The Bible speaks better than I can when it says; that the latter attributes of humanity are expressed through their sexual immorality, idol worship, witchcraft, adulterers, prostitutes, homosexuals, thieves, greed, drunkards, slanderers, and swindlers.
God has put mankind on His Anvil and the Hammer Blows of the End Times is Upon US.
If you think Christian, that you are above all this moral chaos, think again. We act like them in so many ways. Often people that do not know your Lord; question whether we do; simply because they do not see any difference between themselves and us. How often do we dive into the sewage thinking it doesn’t stick to us?

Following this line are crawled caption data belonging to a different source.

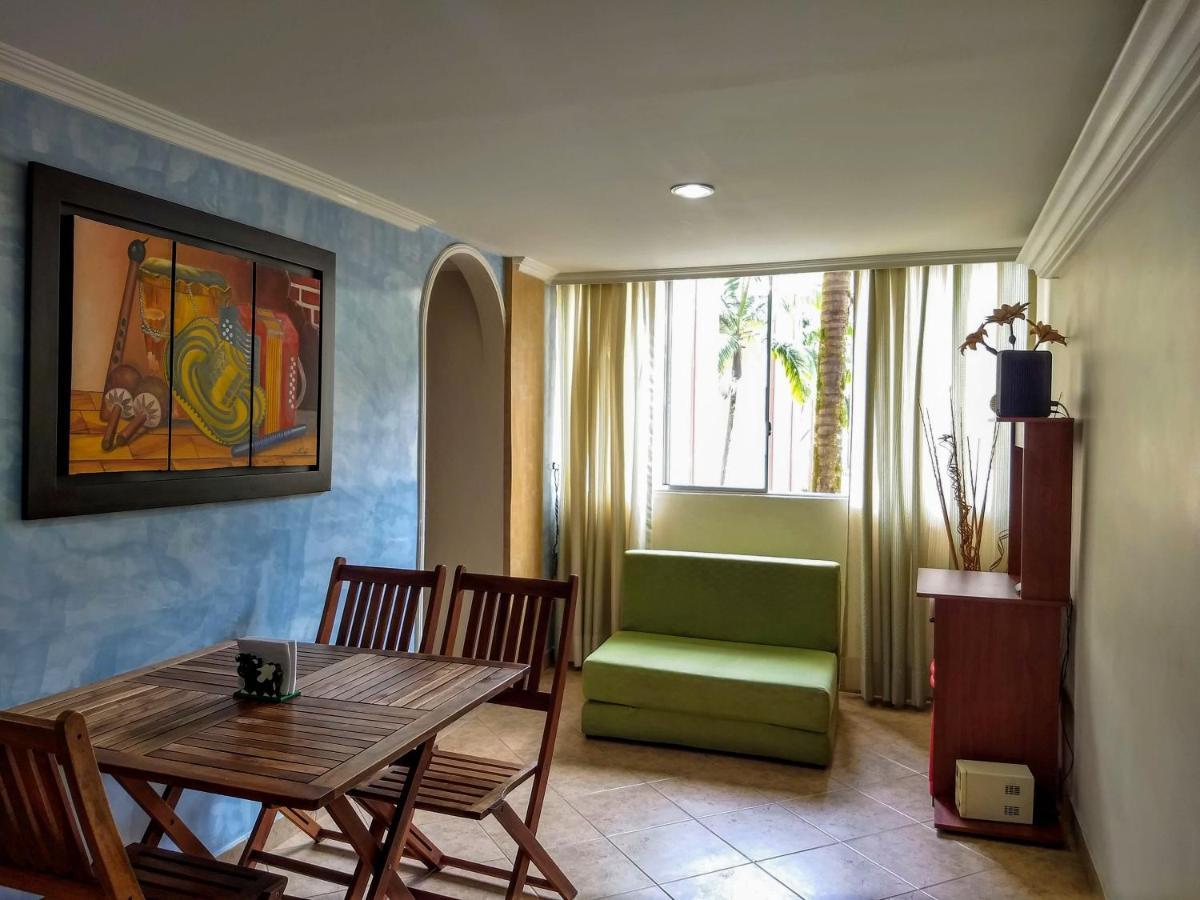 Apartamento Bueno, Bonito, Barato Y Cerca A El Poblado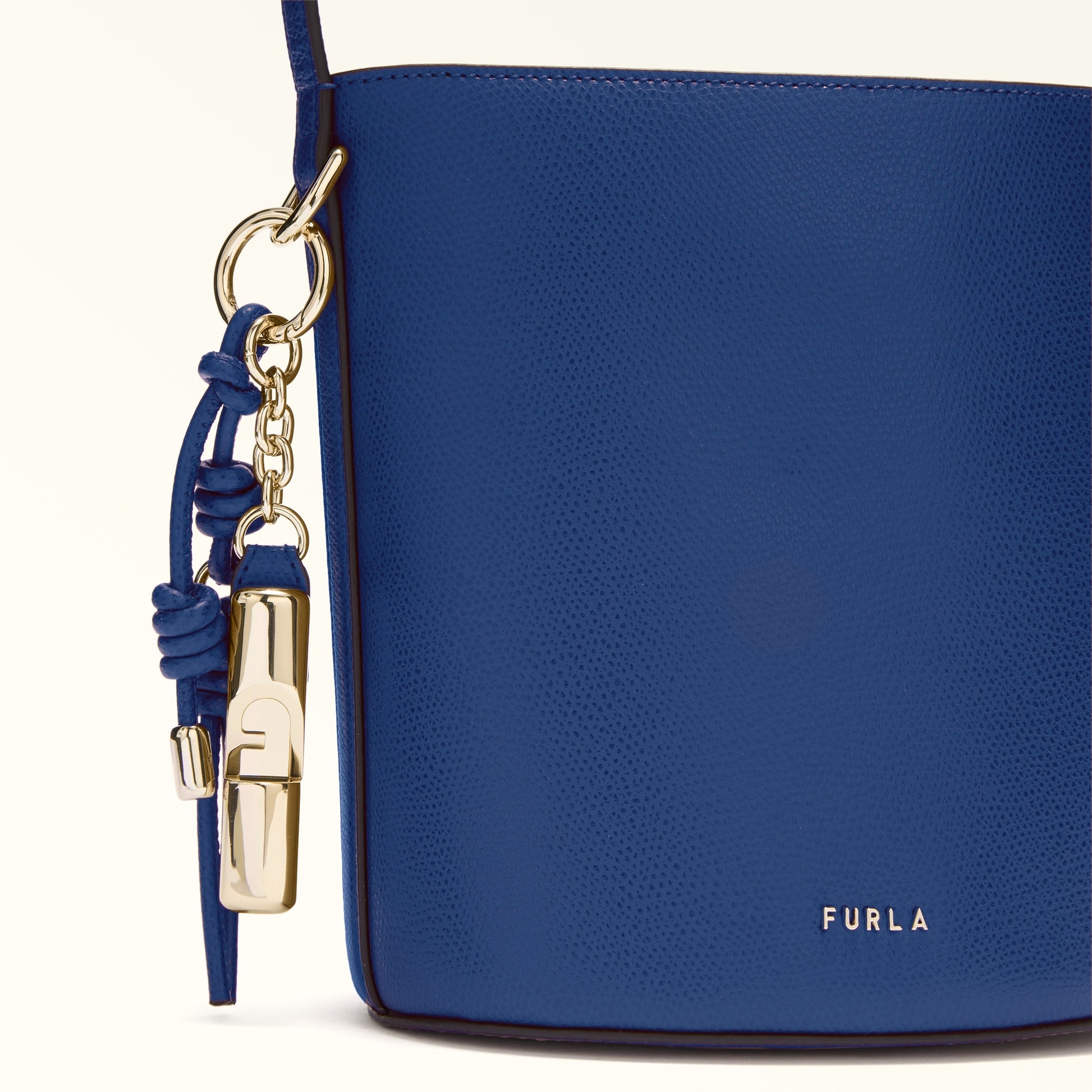Furla Roxie M Bucket  Bag In Leather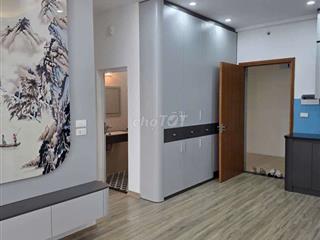 Bán gấp căn góc 75m2 2 ngủ, 2 WC tại Hoàng Đạo Thành, Thanh Xuân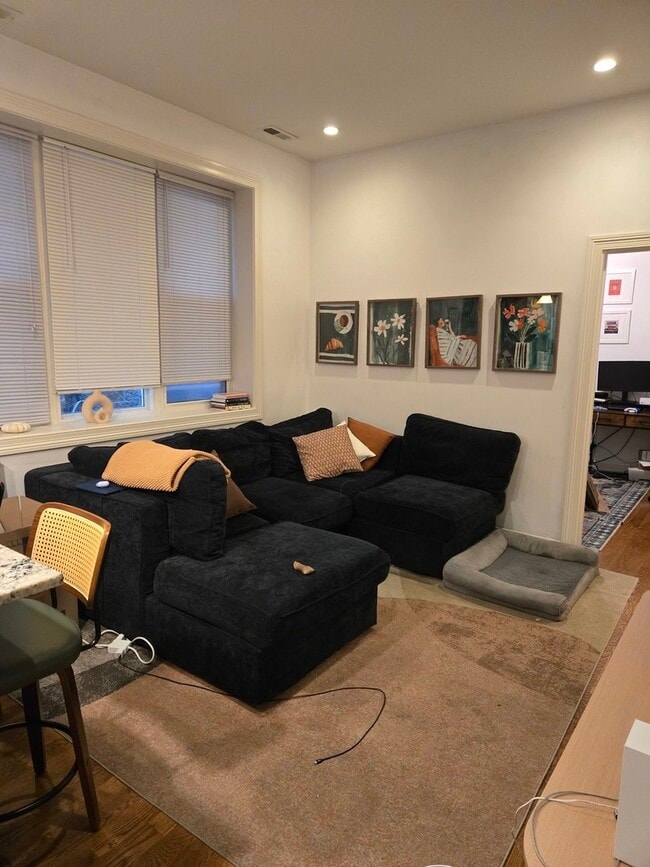 Photo - 2309 N Leavitt St Unit 1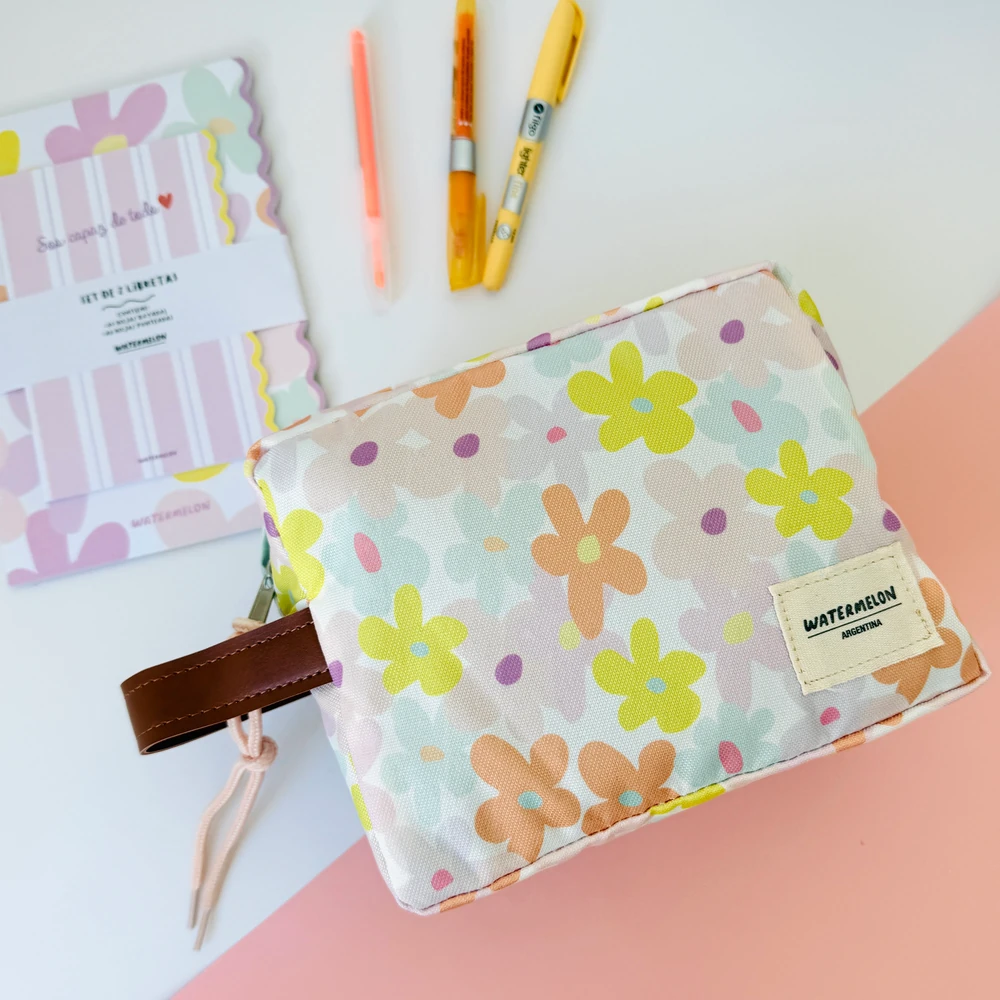 Bolso con cordón Cute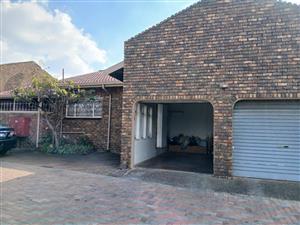 Townhouse For Sale in Birchleigh
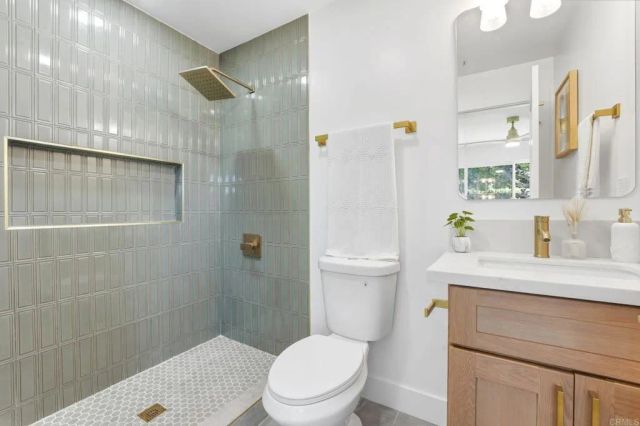 5822 Stadium Street, San Diego, CA 92122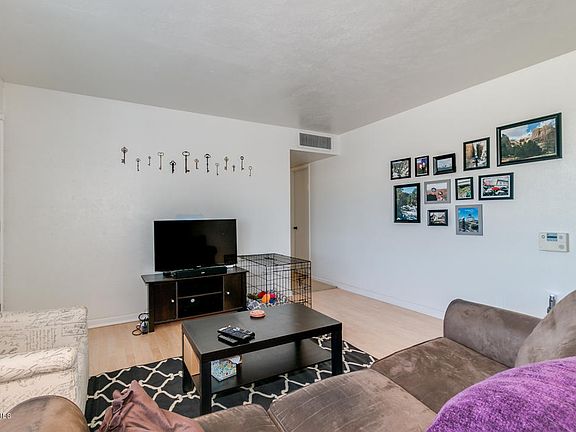 5th image of 1751 W 6th Ave
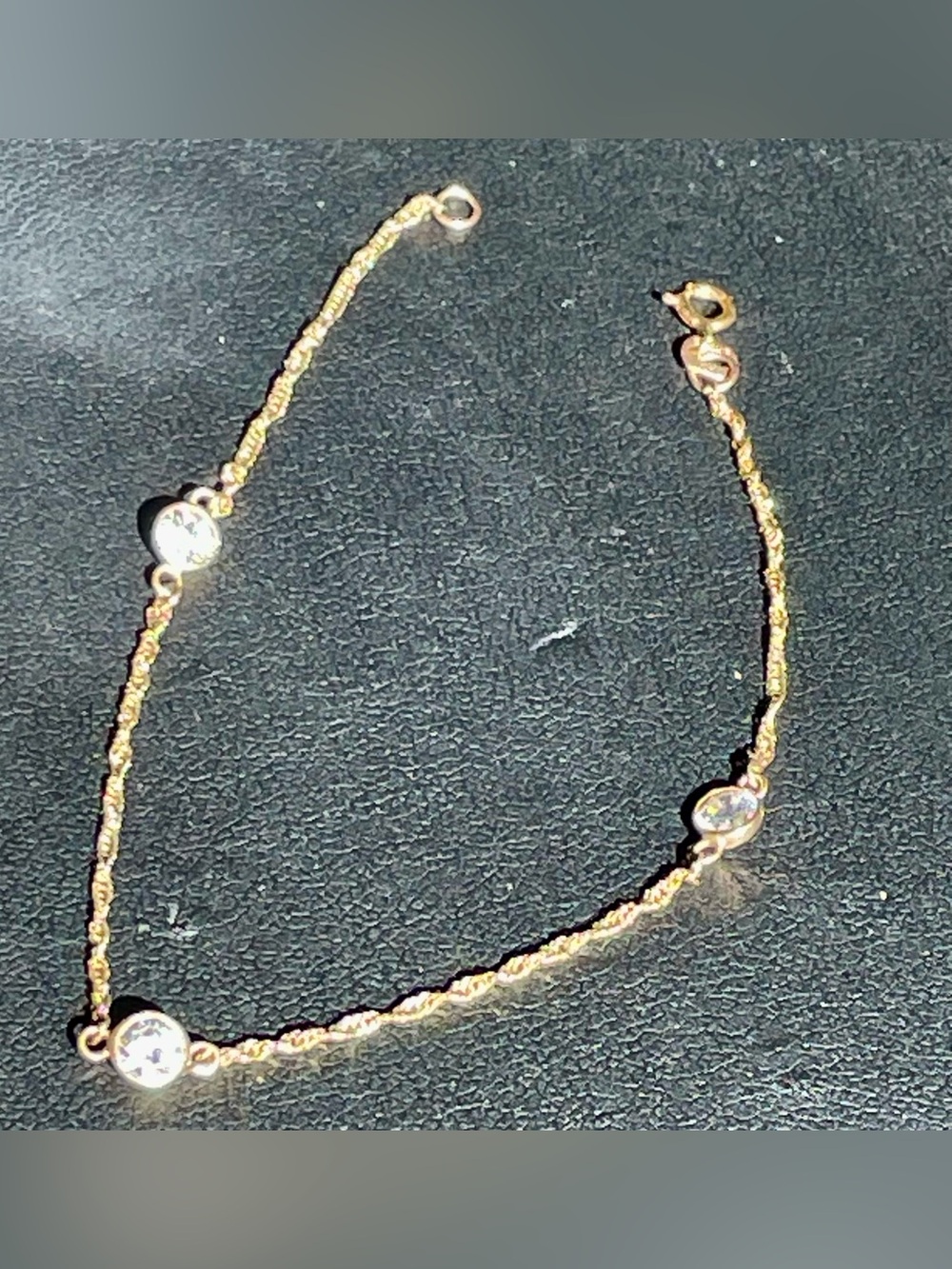 10KT Stamped YellowGOLD Bracelet with 3 CZ stones. Very Pretty. 1.08 grams. - Picture 10 of 14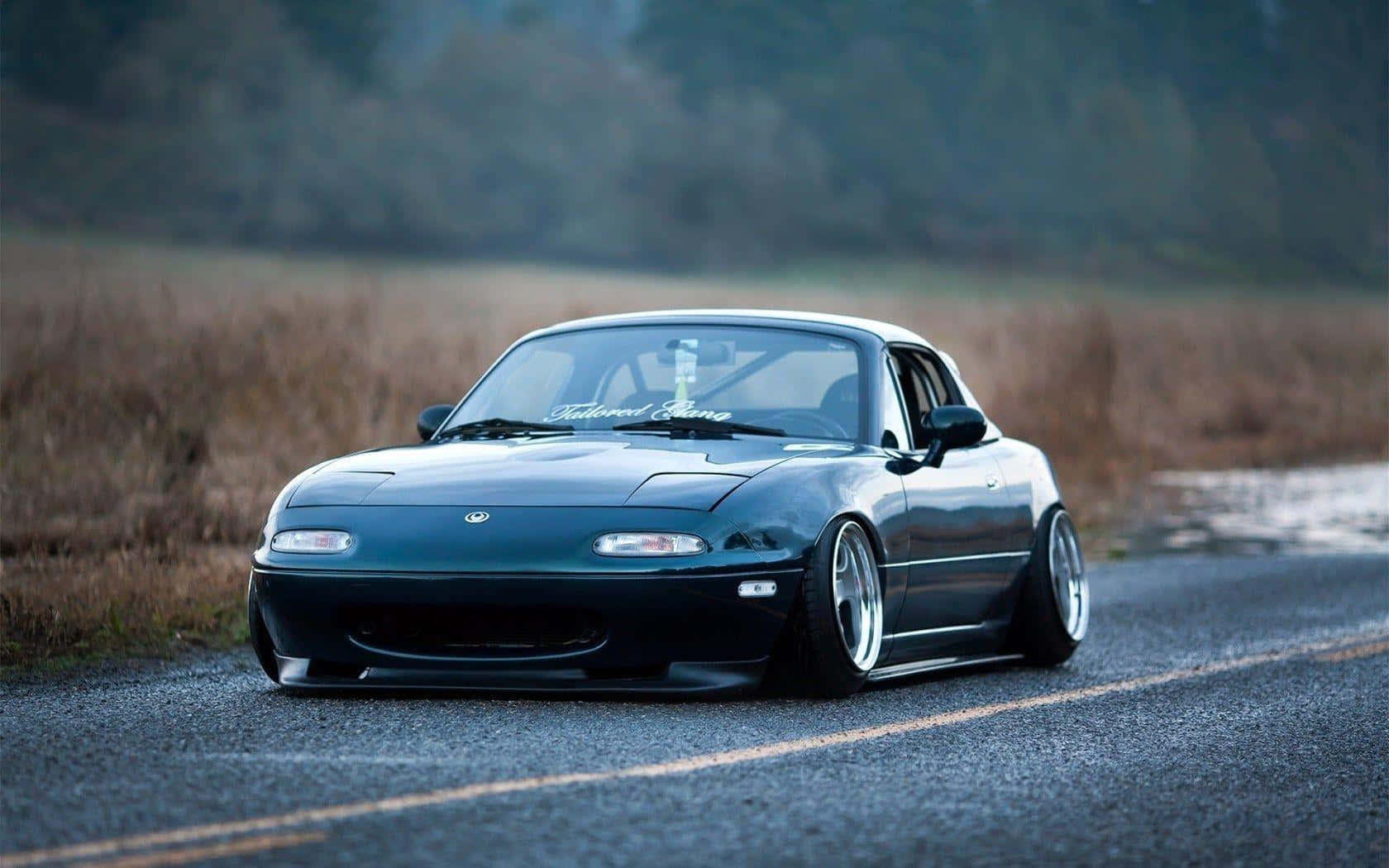 Enjoy Summer Breeze In Mazda Miata Wallpaper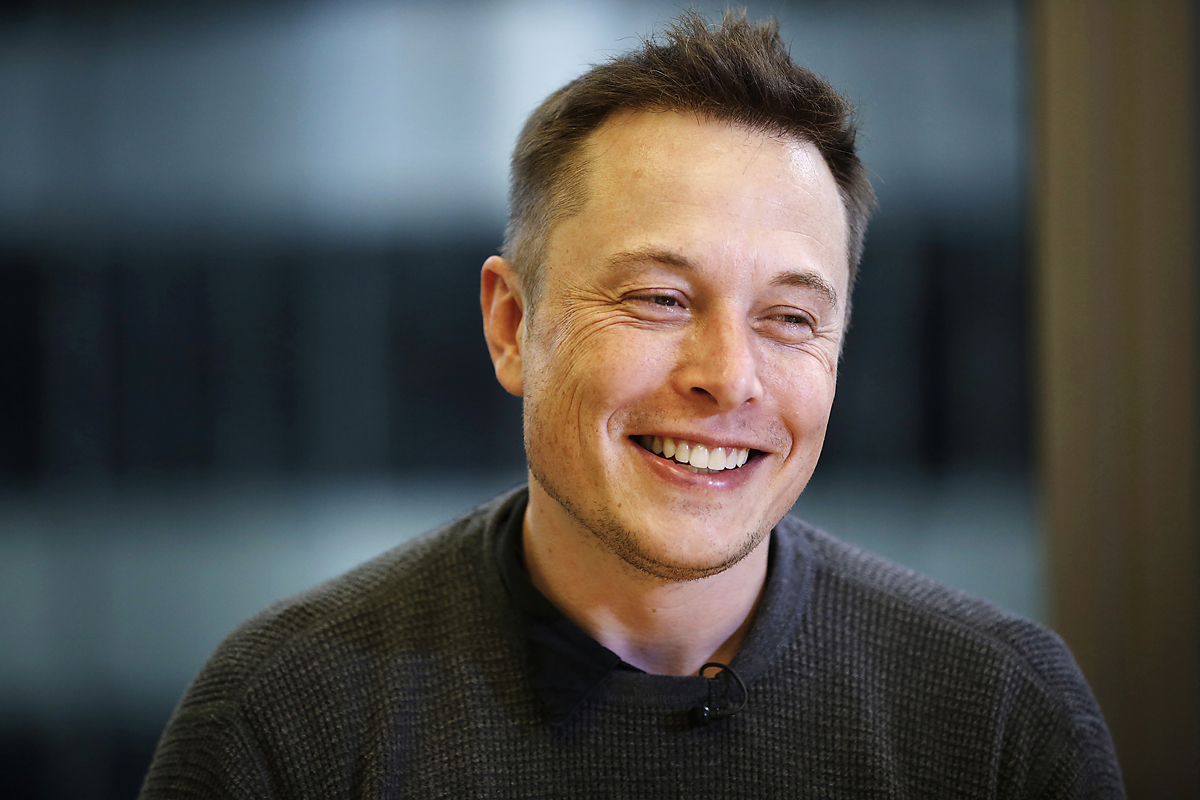 Elon Musk, a Tesla Motors tulajdonosa. Van oka az örömre. 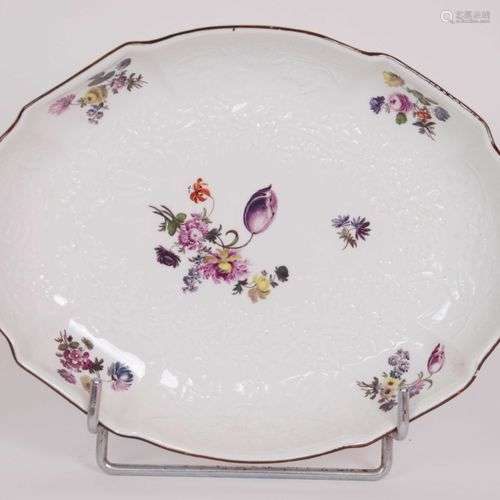 Petit plat chantourné décor floral polychrome et motifs en b...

Have you ever given any thought to the tears He will wipe from your eyes? Why am I going to be crying before Him? Maybe because as hard as I tried, the motives of my heart are always tinged with pride. Maybe because in my own way I too have Mocked God by trying to blend into the sewage around me like a Chameleon?
Maybe because I haven’t taken His command to share the Gospel serious enough and He will show me the hundreds of times I could have made a
difference in someone’s life by planting a seed for the Holy Spirit to water…but I chose to keep my mouth shut.
I will stand before Him in Silence. He then will give an account of my life on earth using my own words to show where I failed HIM.
To my shame my life is full of what if and if only moments. Maybe it’s not about what we do, But…about what we don’t do.
Thinking about this New Year to come. I know I am weak and I know I am not HOLY. But, I also know HE said my weakness will show His strength if I look to HIM for help.
If you feel the need to… then ask Him to help you match up your walk with your talk.
Grandpa Ernie, Born a Warrior in the Mind of GOD in Eternity Past, to do HIS WILL on Earth… not mine… until HE COMES AGAIN… Very Soon.